O juiz da Alta Corte Baltasar Garzón, que tentou extraditar o ex-ditador chileno Augusto Pinochet, quer julgar os argentinos, incluindo o ex-presidente Jorge Videla e o comandante da marinha Emilio Massera por crimes contra a humanidade.
Sob a lei da Espanha, a Alta Corte pode tentar julgar suspeitos de genocídio, terrorismo ou tortura cometidos em qualquer lugar do mundo caso haja espanhóis como vítimas.
- O governo... acertou hoje que irá adiante com o pedido ao governo argentino pela extradição de 40 pessoas acusadas na Espanha de crimes de genocídio, terrorismo e tortura - afirmou em uma nota o Ministério da Justiça.
O ex-capitão da Marinha Adolfo Scilingo foi o primeiro a ser julgado pela Alta Corte sob as leis que permitem o processo por crimes cometidos em outro país.
Scilingo, que veio à Espanha por vontade própria, foi condenado por jogar prisioneiros políticos de aviões durante a guerra suja.
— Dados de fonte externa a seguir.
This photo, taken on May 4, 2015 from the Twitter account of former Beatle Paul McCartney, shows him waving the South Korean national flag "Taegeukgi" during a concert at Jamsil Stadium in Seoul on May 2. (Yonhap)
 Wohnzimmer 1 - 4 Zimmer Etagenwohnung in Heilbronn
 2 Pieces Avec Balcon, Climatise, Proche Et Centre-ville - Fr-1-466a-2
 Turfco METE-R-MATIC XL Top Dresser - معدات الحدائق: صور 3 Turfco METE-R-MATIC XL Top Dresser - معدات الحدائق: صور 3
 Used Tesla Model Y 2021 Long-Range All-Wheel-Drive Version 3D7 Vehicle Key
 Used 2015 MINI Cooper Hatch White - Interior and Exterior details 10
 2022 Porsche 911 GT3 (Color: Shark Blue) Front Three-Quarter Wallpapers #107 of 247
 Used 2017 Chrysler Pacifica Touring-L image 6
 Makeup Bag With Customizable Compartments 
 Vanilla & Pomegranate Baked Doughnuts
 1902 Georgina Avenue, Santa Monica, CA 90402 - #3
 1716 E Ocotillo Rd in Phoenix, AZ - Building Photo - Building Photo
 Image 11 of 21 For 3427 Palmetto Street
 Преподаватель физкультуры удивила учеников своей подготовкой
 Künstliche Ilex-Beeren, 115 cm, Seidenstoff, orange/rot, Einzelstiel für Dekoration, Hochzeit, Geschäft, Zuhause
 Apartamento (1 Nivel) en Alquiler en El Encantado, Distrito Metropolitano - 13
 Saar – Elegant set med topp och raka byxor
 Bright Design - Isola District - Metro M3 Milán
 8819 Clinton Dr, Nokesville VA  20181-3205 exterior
Ele foi condenado a 640 anos na prisão em 2005.
O governo espanhol anterior, liderado pelo premiê conservador José Maria Aznar, se mostrou contra as extradições em 2003 para dar à Argentina a chance de levar seus próprios suspeitos a julgamento.
As cortes argentinas começaram a julgar centenas de oficiais militares suspeitos de sequestrar e matar opositores do governo depois de a anistia que os protegia ser eliminada em 2005.